Rela Jadi Tukang Cuci dan Berjualan demi Bantu Suami

Minggu, 05 April 2015 - 10:46 WIB
Rela Jadi Tukang Cuci...
Rela Jadi Tukang Cuci dan Berjualan demi Bantu Suami
A A A
Tidak menentunya hasil melaut membuat sebagian besar istri-istri nelayan yang hidup di bantaran Sungai Deli Kelurahan Pekan Labuhan harus ikut membanting tulang membantu mencari penghasilan untuk menghidupi keluarga.

Ada yang memilih menjadi tukang cuci, tukang seterika pakaian hingga berjualan makanan ringan di depan rumah. Meski penghasilannya juga tidak besar, namun bisa dipakai untuk membeli beras 1 kilogram (kg). Salah satunya Trisnawati, 31, istri Ismail seorang nelayan yang sudah tinggal di kawasan ini sejak sepuluh tahun lalu.

Wati, demikian dia biasa disapa, harus ikut banting tulang menghidupi keluarga dengan berjualan jajanan anak-anak, mi dan tahu goreng. Bagi dia tidak masalah turut bekerja asal ketiga anaknya bisa bersekolah. Sebab, jika harus bergantung dengan pendapatan suami bisa dipastikan akan sulit menyekolahkan anakanaknya karena biaya untuk kebutuhan di rumah saja sudah besar.

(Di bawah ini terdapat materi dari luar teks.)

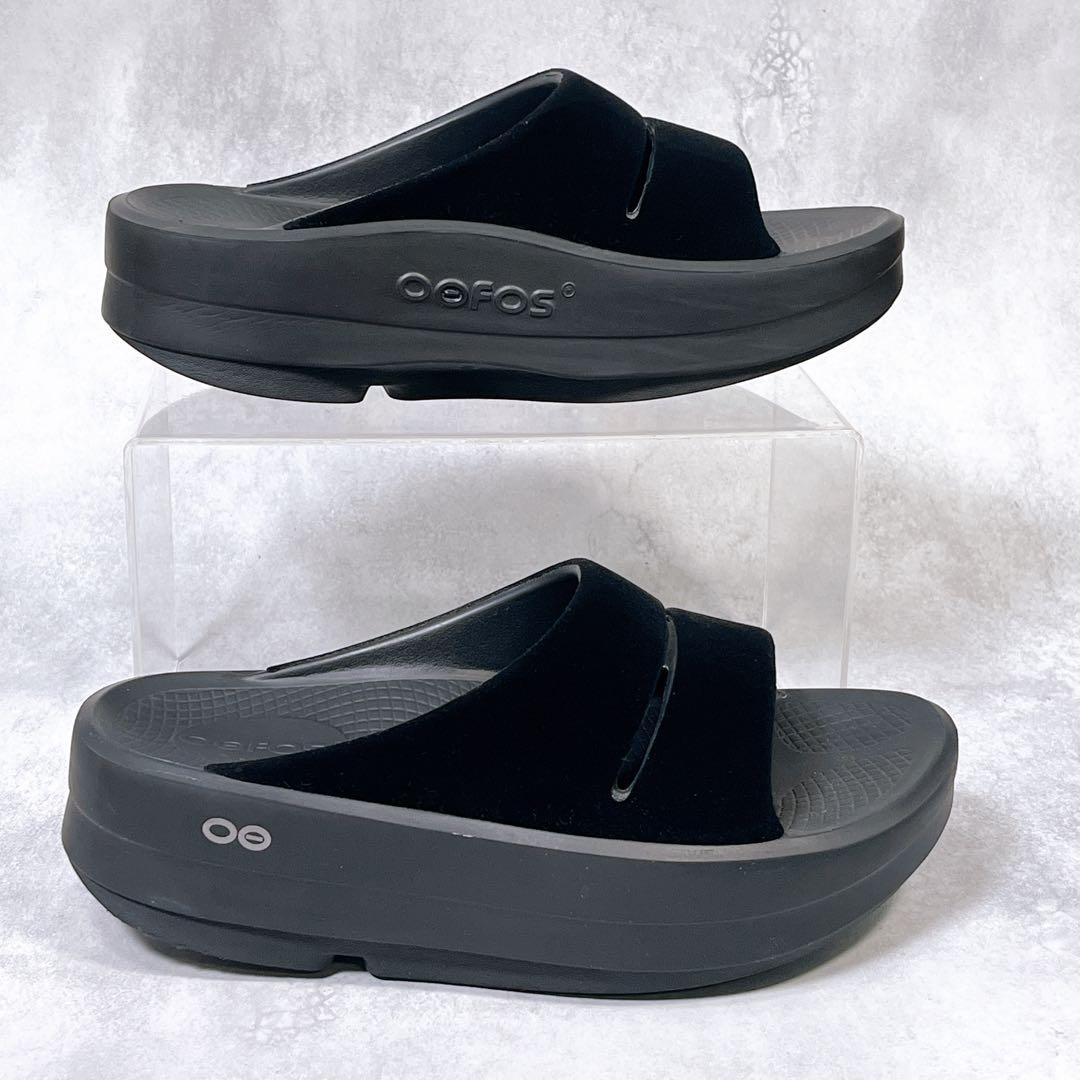 美品　ウーフォス OOmega OOahh Limited 37 厚底　ベロア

“Tidak mungkin menunggu hasil melaut dari suami karena tidak tentu hasilnya. Sebab bisa saja tidak ada ikan yang bisa dibawa pulang, padahal perginya sudah berhari-hari. Karena itu istri mau tak mau membantu suami dengan berbagai cara salah satunya jualan seperti ini,” katanya kepada KORAN SINDO MEDAN, baru-baru ini. Terlebih dia masih harus menanggung kebutuhan dua adiknya yang belum berkeluarga di rumahnya. Jadi, total ada tujuh orang tinggal pada bangunan berukuran lebih kurang 5x4 meter dengan penyangga kayu tepat di pinggir Sungi Deli.

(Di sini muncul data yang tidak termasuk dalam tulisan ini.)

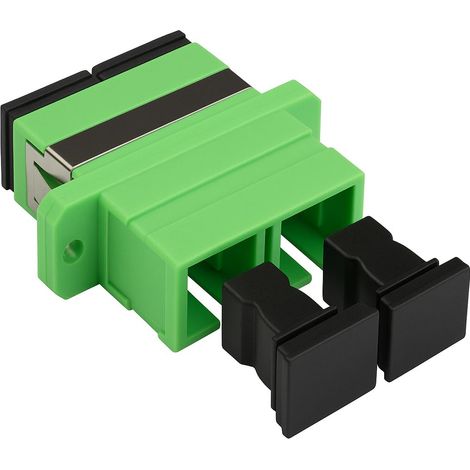 Packungsinhalt: 1 Apc Sc-sc Glasfaserkoppler, Geringe Dämpfung 0,2 Db, Keramikhülse, Für Ftth-netzwerke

“Saya anak pertama dari enam bersaudara dan sudah tidak ada orang tua lagi, jadi adik-adik saya yang belum berkeluarga tinggal di sini juga. Walaupun mereka sudah punya penghasilan sendiri, tapi tetap saja sebagai kakak harus menanggungjawabi keduanya,” ujarnya. Dari berjualan, penghasilannya pun tak menentu. Tak masalah, yang penting bagi dia, selama untung dari jualan bisa untuk membeli 1 kg beras sudah membuatnya tenang. Kebutuhan lainnya akan lebih mudah dipenuhinya.

“Bisa beli beras sekilo untuk dimakan dua atau tiga hari semua orang satu rumah ini sudah tenang saya. Apalagi kalau sisa (untung jualan) ada ditabung lebih bagus lagi,” jelasnya. Untuk modal berjualan sehari-hari, dia harus pintar memutar hasil penjualan hari ini. Jika tidak maka keesokan harinya dia tidak akan bisa jualan.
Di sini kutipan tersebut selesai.